Canada’s top banks continue to perform strongly, reporting solid financial results quarter after quarter and continually hiking their dividends, much to the delight of investors. This has made them a firm favourite among investors, thus driving their share prices ever higher and making it difficult to find value in this industry.
U.S. exposure offers solid growth opportunities
One of the most attractive aspects of the Bank of Montreal is its exposure to the U.S. financial services market, the largest in the world. For the second quarter of 2014, the bank derived 14% of its net income from its U.S. commercial and retail banking business, which while a disappointing 7% drop compared to the previous quarter represented a healthy 3% increase against the equivalent quarter in the previous year.
Importantly for the Bank of Montreal, there are signs that its U.S. business is gaining momentum, particularly with the U.S. economy performing better than expected. Second-quarter GDP growth was stronger than initially anticipated, coming in at a 4.2% annual rate instead of the 4% forecast.
More importantly, this growth was broad-based, with business growth, housing construction, consumption, and exports all contributing. There are also signs the rebound in the U.S. housing market is gaining greater momentum, boding well for increased mortgage demand.
These should feed greater credit demand and see further growth of the bank’s U.S. lending portfolio leading greater growth in its bottom line.
Overall business risk is low
The Bank of Montreal, like all of Canada’s major banks, has a conservative approach to risk, as the bank is more than adequately capitalized with a common equity tier 1 capital ratio of 9.7%, well above the regulatory minimum.
It also has a high-quality credit portfolio with a gross impaired loans-to-total loans ratio of a very low 0.67% at the end of the second quarter. This is 12 basis points lower than the previous quarter, 41 basis points lower than in the second quarter of 2013. It is also the eighth consecutive quarter where the ratio has fallen.

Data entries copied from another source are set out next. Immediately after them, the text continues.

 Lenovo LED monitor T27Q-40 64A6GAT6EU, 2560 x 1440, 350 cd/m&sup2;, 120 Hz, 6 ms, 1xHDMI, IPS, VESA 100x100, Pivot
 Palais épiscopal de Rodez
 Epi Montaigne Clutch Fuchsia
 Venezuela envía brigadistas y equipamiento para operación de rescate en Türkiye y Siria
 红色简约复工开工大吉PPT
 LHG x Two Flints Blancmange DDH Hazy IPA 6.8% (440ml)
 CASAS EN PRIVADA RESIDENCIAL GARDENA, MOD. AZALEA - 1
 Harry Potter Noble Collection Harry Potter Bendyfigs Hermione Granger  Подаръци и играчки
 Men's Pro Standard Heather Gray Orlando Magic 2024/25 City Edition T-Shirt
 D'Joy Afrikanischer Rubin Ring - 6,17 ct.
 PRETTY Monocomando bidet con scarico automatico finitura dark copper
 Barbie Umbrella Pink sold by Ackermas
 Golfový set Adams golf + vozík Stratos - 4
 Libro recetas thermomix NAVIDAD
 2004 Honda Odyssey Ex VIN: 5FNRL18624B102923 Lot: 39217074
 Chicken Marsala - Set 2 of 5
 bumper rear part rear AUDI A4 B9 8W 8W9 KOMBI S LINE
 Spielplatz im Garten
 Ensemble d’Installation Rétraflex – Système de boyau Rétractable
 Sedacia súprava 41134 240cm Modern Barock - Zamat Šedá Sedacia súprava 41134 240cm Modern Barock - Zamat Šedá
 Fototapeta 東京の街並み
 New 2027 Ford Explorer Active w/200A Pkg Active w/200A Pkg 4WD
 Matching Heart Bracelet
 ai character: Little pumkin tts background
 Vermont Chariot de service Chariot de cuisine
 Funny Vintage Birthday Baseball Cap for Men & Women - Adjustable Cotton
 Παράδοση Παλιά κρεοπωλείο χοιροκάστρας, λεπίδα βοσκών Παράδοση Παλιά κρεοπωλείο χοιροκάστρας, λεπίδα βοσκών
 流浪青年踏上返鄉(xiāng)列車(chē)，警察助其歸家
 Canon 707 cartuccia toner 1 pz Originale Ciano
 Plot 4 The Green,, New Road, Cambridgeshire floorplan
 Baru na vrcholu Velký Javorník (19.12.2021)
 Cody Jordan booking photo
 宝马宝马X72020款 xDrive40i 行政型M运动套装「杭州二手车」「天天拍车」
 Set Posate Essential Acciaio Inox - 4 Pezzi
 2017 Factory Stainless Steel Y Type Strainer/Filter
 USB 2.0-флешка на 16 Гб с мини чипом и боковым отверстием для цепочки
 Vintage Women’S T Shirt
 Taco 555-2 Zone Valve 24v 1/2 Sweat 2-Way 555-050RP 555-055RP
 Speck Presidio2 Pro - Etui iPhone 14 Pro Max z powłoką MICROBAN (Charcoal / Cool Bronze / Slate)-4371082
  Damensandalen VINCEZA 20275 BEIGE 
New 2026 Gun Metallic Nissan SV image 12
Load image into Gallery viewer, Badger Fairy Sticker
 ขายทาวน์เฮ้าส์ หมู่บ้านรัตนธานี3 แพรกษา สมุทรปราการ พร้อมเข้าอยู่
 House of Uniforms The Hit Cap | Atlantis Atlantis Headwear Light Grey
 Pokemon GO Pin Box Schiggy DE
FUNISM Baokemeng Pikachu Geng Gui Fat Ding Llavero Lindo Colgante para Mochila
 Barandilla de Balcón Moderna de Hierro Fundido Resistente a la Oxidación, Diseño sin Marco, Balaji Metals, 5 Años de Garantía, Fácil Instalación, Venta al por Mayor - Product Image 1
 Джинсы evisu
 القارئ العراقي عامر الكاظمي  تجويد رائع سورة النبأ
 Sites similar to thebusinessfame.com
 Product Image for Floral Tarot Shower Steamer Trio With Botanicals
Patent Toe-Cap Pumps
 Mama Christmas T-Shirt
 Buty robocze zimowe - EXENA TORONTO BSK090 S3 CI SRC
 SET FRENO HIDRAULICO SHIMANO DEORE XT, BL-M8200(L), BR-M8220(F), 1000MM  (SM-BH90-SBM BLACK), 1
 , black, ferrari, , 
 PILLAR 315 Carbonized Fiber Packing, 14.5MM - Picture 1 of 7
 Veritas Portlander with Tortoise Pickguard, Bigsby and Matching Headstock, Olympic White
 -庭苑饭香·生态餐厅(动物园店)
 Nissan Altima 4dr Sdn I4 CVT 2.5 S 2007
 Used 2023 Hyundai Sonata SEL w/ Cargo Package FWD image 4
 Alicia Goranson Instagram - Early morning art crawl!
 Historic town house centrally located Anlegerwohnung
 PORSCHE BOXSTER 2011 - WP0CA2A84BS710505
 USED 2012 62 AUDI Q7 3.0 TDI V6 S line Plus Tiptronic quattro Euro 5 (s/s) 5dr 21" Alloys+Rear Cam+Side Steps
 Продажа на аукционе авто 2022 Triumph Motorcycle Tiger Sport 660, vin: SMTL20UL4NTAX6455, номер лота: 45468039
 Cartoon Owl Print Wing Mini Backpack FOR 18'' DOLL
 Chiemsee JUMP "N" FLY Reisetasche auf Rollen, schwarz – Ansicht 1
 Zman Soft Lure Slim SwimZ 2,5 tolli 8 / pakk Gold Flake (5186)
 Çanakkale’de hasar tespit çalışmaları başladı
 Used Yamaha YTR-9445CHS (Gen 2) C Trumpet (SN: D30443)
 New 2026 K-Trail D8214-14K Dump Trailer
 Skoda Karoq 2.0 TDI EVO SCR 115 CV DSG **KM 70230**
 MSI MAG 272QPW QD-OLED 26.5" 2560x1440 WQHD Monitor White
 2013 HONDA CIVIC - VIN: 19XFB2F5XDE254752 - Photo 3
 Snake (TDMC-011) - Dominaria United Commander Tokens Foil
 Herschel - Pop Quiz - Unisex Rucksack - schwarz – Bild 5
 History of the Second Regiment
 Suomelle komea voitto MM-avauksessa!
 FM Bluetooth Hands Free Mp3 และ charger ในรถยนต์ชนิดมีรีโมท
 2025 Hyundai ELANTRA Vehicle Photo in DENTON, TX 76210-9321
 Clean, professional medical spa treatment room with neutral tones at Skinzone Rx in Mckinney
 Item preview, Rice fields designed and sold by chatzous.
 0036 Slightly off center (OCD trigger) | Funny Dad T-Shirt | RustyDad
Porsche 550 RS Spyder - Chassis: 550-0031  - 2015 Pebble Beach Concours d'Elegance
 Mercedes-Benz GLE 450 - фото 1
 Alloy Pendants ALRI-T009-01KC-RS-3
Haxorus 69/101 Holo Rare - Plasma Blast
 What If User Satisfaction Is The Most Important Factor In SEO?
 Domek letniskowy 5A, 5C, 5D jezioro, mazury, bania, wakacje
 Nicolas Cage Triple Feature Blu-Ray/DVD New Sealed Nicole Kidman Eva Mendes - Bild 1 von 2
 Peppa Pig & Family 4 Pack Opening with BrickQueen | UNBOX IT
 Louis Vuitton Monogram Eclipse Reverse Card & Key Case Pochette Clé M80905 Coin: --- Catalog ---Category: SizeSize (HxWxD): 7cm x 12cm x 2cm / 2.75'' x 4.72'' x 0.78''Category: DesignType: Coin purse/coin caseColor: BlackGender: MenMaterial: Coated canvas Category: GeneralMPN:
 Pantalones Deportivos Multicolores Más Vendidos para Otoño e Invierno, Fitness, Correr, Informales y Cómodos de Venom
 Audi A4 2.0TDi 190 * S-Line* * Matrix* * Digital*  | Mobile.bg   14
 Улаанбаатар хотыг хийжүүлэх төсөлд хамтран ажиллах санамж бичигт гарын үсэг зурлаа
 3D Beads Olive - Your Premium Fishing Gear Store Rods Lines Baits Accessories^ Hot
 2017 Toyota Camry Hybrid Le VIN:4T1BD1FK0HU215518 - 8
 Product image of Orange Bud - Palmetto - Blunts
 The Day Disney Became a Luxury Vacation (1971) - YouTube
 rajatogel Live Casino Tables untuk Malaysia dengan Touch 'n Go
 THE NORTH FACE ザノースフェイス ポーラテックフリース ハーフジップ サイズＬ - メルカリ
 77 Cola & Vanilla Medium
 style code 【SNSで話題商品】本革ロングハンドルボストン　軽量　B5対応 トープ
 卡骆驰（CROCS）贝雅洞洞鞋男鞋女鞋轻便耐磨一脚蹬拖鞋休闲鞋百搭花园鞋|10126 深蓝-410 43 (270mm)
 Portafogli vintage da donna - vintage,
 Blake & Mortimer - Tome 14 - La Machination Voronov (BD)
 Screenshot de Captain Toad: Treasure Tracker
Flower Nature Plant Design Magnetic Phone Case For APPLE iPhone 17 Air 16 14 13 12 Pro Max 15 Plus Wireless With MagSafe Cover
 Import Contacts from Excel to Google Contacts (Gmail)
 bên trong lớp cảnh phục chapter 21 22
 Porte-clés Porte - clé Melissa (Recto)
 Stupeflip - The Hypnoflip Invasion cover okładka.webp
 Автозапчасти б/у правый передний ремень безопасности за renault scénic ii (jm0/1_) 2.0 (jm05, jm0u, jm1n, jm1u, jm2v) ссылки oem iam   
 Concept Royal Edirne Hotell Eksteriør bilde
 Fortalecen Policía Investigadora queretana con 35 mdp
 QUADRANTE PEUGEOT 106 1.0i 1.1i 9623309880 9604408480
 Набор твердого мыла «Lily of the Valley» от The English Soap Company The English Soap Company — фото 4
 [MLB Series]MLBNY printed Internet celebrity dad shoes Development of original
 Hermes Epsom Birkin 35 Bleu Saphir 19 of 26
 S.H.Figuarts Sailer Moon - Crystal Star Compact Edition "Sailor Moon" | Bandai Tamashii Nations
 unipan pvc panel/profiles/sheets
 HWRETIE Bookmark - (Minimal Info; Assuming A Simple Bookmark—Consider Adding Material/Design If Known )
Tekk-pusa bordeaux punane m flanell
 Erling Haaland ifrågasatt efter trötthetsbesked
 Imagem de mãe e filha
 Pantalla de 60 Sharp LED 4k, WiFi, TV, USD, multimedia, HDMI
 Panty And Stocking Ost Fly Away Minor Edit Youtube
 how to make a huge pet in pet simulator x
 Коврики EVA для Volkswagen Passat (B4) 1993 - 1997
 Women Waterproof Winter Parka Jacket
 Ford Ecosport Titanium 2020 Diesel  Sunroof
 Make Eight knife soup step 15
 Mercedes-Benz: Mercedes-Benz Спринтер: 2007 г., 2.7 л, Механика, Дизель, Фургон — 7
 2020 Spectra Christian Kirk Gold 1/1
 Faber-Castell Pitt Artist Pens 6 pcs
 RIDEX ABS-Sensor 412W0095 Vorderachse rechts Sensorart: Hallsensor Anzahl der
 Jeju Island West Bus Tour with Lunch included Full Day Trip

These factors all indicate Bank of Montreal’s balance sheet is quite healthy and the degree of financial risk for investors is relatively low.
Remains attractively priced
One of the most attractive aspects of the Bank of Montreal for investors is that it remains attractively priced compared to its peers. One of the best measures for assessing a bank’s value is its price-to-book ratio and Bank of Montreal’s at 1.8 is the lowest of the six largest banks in Canada, which indicates that it is undervalued.
|Bank of Montreal||1.8||11|
|Royal Bank of Canada (TSX: RY)(NYSE: RY)||2.5||11.5|
|Toronto-Dominion Bank (TSX: TD)(NYSE: TD)||2||11|
|Bank of Nova Scotia (TSX: BNS)(NYSE: BNS)||2||11|
|CIBC (TSX: CM)(NYSE: CM)||2.5||10|
|National Bank of Canada (TSX: NA)||2||11|
Source: Company filings.
The Bank of Montreal also has a relatively low forward price-to-earnings ratio of 11, although this is in line with its peers and can be attributed to conservative estimates regarding earnings growth across Canada’s banking industry because of the saturated nature of the financial services market place.
A steadily growing dividend
The final factor that makes the Bank of Montreal stand out as a value play for investors seeking exposure to Canadian banks is its steadily growing dividend. At the end of the second quarter, it hiked its dividend 3%, giving it a tasty yield of 3.7% coupled with a very sustainable payout ratio of 48%. This is the second-highest yield of Canada’s six largest banks, only slightly lower than CIBC’s 3.74%.
It is more than likely that Bank of Montreal’s dividend will continue to grow with strong earnings growth expected, while the low payout ratio leaves sufficient room for additional hikes.
The Bank of Montreal clearly appears undervalued compared its top six peers, and I believe it offers investors considerable growth opportunities and a steadily growing dividend.